Altonera ha vinto il secondo campionato di fila e approda in Prima in un paese ancora segnato dal terremoto. L’intervista a mister Tiburzi
Sta continuando a riscrivere la sua storia recente il Visso Altonera che sabato scorso, in virtù del pari sul campo della Palombese, ha festeggiato la sua seconda promozione consecutiva salendo in Prima Categoria con due giornate d’anticipo. Un grande traguardo che certifica l’ottimo lavoro dell’azienda Svila che lo scorso anno ha deciso di investire in un progetto tecnico ambizioso, facendo ripartire il calcio in un paese ancora segnato dal terremoto, dove quel pallone rotondo mancava da ben cinque anni. Una cavalcata incredibile quella dei biancorossi, che etichettati come una delle grandi favorite alla vittoria finale nel girone F, hanno vissuto una prima parte di stagione con alti e bassi. Ma con l’avvento in panchina a fine gennaio di Andrea Tiburzi, subentrato a Diego Montani che aveva lasciato per motivi personali, c’è stato il cambio di marcia che ha portato a una rimonta formidabile, frutto di otto vittorie, due pari e un solo ko.
A commentare la vittoria del campionato e questo splendido cammino proprio il tecnico biancorosso: “Sabato è stata una grandissima emozione perché vincere il campionato è stato tutt’altro che semplice. Farlo in questa maniera, con due giornate d’anticipo, è stata una grande soddisfazione. È stata una grande festa. Dopo la partita siamo andati con la squadra e alcuni tifosi che ci hanno seguito tutto l’anno a festeggiare in un locale a Sirolo“. Un successo personale anche per l’esperto tecnico classe 75′, che aveva iniziato la stagione in Prima Categoria all’Appignanese prima dell’addio a inizio novembre. Poi la decisione di sposare il progetto della società del presidente Palermo:” Ho accettato perché conoscevo diversi giocatori che componevano la rosa, avendoli già allenati. Sapevo di poter contare su un gruppo forte di persone serie. Partite più importanti? Ce ne sono state tre. La prima, il derby con il Pievebovigliana, perché eravamo divise da un punto e vincerla è stata fondamentale. Poi la seconda che ci ha dato tanta convinzione è stata quella vinta in casa con il Caldarola. Poi, infine, quella che mi ha fatto pensare che avremmo vinto il campionato è stata quella a Sarnano”.

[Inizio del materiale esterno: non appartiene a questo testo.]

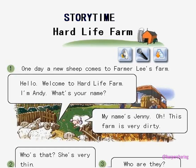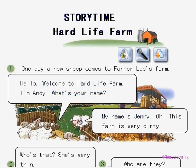Story Time: Hard Life Farm. Picture 1. One day, a new sheep comes to Farmer Lee's farm. Hello! Welcome to Hard Life Farm. I'm Andy. What's your name? My name's Jenny. Oh, this farm is very dirty.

Una stagione da incorniciare per i biancorossi che detengono il miglior attacco e difesa e alla fine hanno rispettato il pronostico di inizio stagione che lì davano per favoriti al salto di categoria:” Essere considerati i favoriti ha un po’ pesato durante il corso dell’anno. Quando sono arrivato ho chiesto ai ragazzi tanta disponibilità e abbiamo inserito il terzo allenamento. Ho chiesto loro di affrontare ogni gara come se fosse una finale. Questi due fattori ci ha un po’ alleggerito”. Sull’ambiente e sulla società:” La società si è rivelata una bellissima sorpresa. Il presidente è molto ambizioso e ha investito tanto in questo progetto. Pretende la massima professionalità. Ci siamo trovati d’accordo su questi aspetti. Poi ci sono pochi dirigenti, ma eccezionali sia come persone che dal punto di vista calcistico. Avere una società presente e vicina ma non pressante, è stata un’altra grande arma in più. Per quanto riguarda il pubblico, nella mia prima partita con il Pievebovigliana c’era tante gente. Quella vittoria ha fatto avvicinare più persone alla squadra. Anche il loro aiuto è stato determinante“.

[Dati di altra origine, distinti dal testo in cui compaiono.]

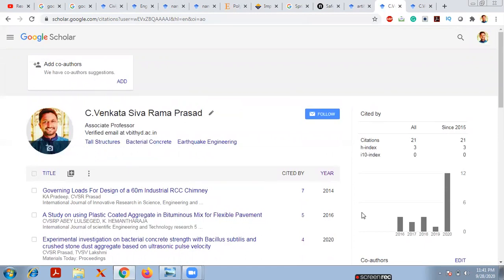Like this, you can find many journals and researchers using your Google Scholar account. Thank you so much for watching this video. If you like it, please like, comment, and subscribe to my channel.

Ora per il Visso Altonera ci sono due gare da onorare al meglio contro il Fabiani Matelica in casa e infine in trasferta contro la Treiese. Poi sarà tempo delle fase finali per il titolo regionale:” Il presidente ci ha chiesto di onorare gli impegni che rimangono e di finire bene la stagione, anche perché ci dobbiamo preparare per le fase regionali. Onestamente non conoscevo questo campionato, ma ho trovato un buon livello. Ogni gara non è scontata e ogni campo ha le sue insidie. Sabato, per dire, c’è voluto il migliore Visso per uscire da Cessapalombo con un punto perché abbiamo trovato una squadra che non ci ha regalato nulla, come giusto che sia. Delle squadre davanti Pievebovigliana e Caldarola sono quelle che più mi hanno impressionato. Sarnano forse lo abbiamo affrontato in un momento difficile, ma hanno un ottimo organico e possono ambire al salto di categoria. La Treiese non l’abbiamo ancora affrontata, mentre l’Esanatoglia, per i risultati che sta facendo e per la rosa che ha potrebbe essere un’altra pretendente al salto”. In chiusura:” Del futuro ancora non abbiamo parlato. Finita la stagione vedremo con calma il da farsi”.